§ **Required action**
Reproduce the records below exactly, but only between the lines holding "The Plum Stitchery" and "Alt view image", inclusive.

Material for this task: Begin

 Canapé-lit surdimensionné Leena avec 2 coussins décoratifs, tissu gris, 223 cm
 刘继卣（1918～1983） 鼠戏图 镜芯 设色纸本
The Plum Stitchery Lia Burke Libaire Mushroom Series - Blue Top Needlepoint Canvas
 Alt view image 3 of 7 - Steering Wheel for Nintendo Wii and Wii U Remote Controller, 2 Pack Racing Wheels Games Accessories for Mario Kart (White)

Material for this task: End
Material for this task: Begin

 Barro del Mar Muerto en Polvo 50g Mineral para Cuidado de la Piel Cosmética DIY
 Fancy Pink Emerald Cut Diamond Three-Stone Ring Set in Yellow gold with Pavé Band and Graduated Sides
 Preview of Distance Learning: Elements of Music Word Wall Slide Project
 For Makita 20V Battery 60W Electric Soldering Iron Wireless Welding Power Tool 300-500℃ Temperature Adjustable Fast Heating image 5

Material for this task: End
Material for this task: Begin

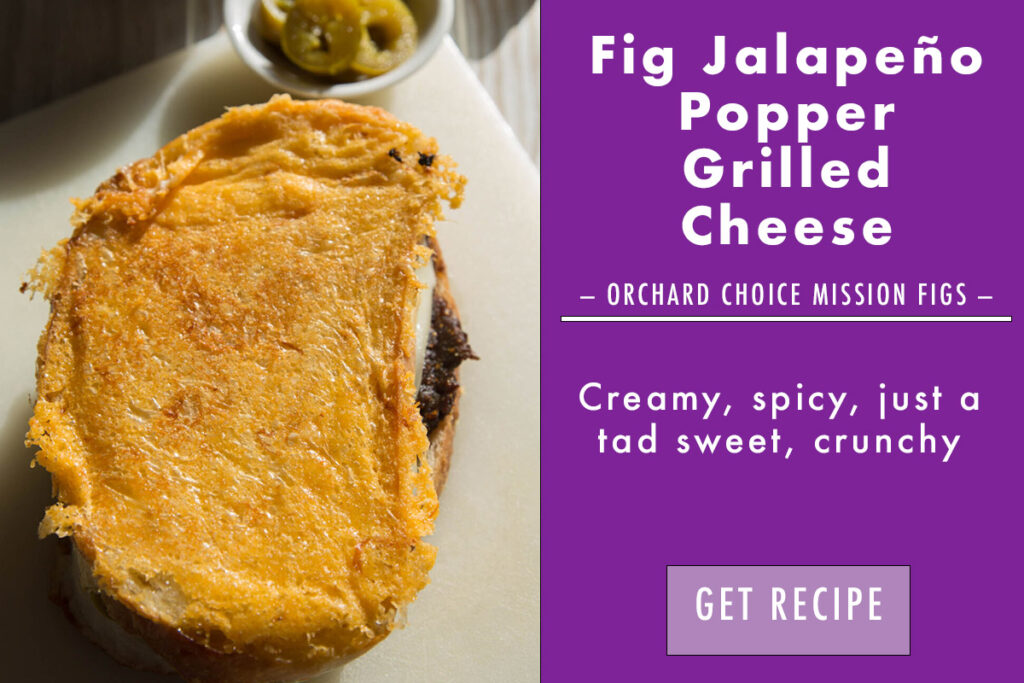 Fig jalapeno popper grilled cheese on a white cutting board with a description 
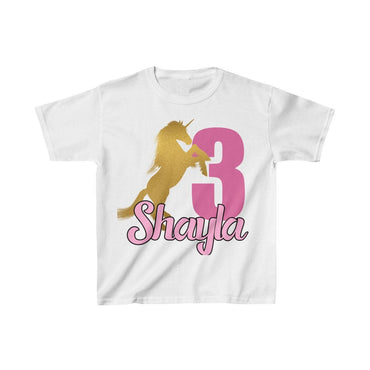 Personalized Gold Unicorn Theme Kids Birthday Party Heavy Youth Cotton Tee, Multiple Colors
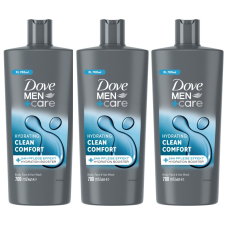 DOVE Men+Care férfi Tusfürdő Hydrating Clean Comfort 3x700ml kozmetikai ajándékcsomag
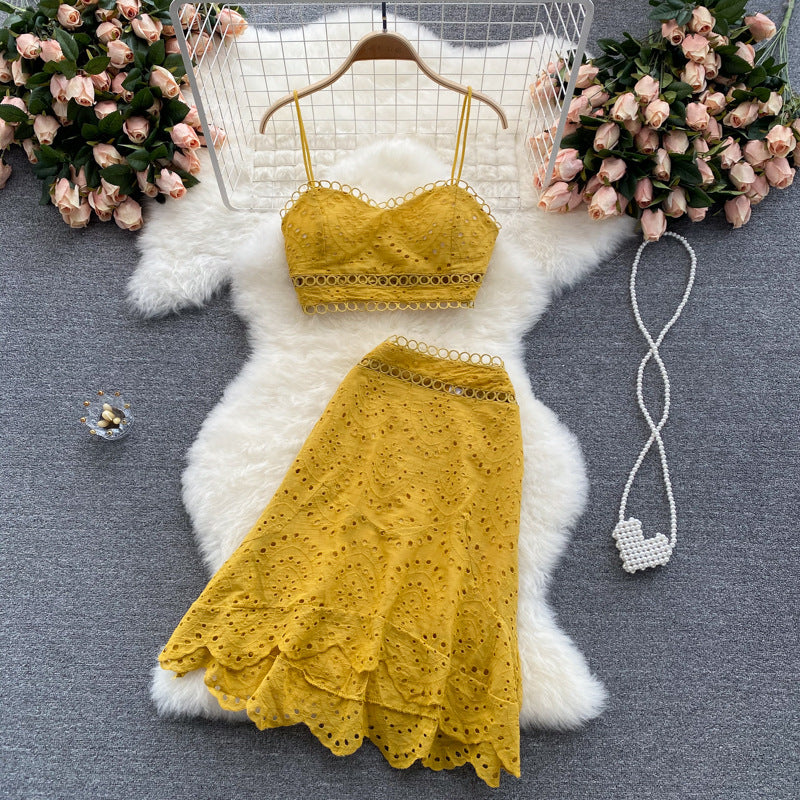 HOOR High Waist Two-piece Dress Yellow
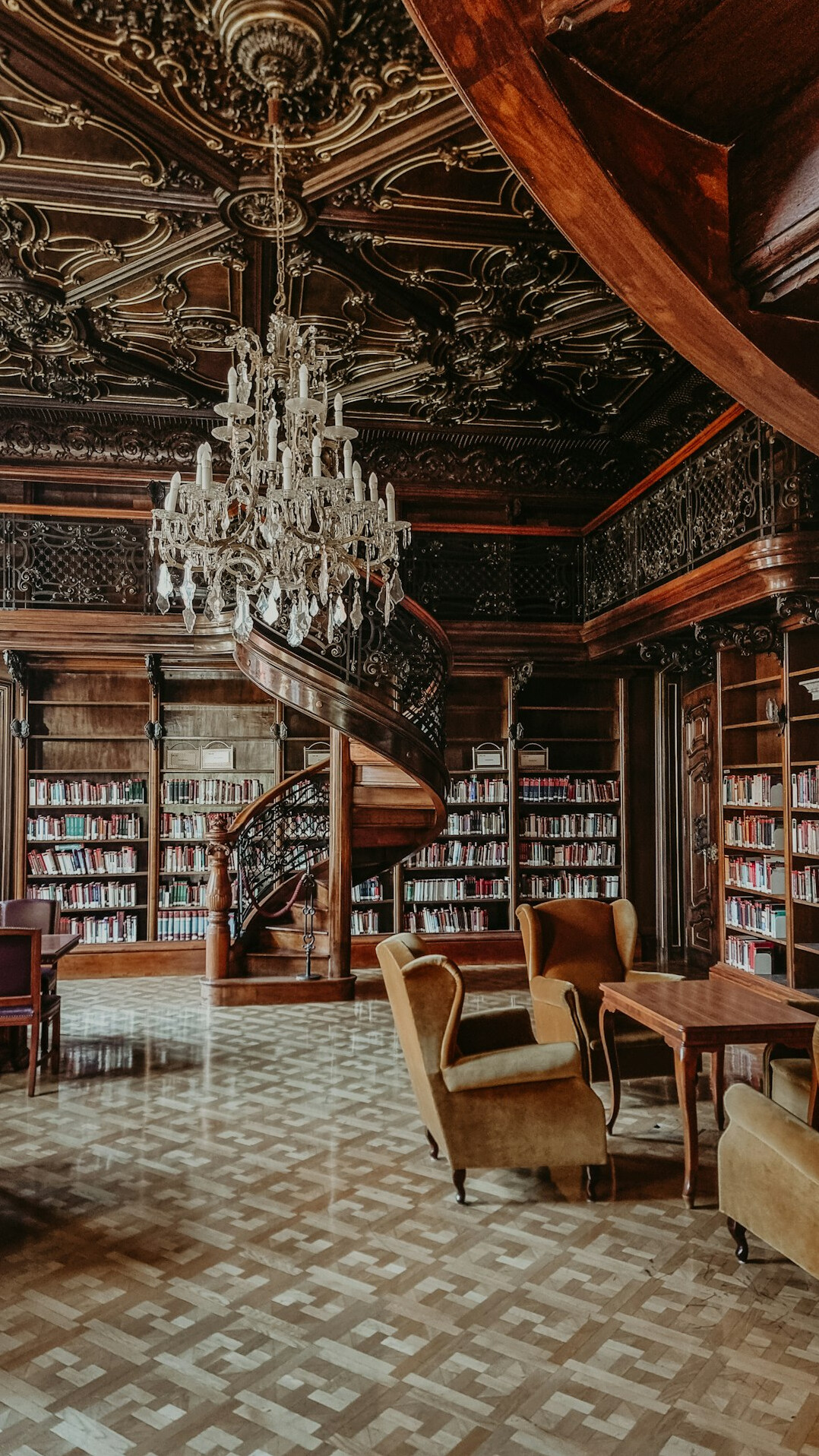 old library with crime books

Material for this task: End

§ **Written response**
The Plum Stitchery Lia Burke Libaire Mushroom Series - Blue Top Needlepoint Canvas
 Alt view image 3 of 7 - Steering Wheel for Nintendo Wii and Wii U Remote Controller, 2 Pack Racing Wheels Games Accessories for Mario Kart (White)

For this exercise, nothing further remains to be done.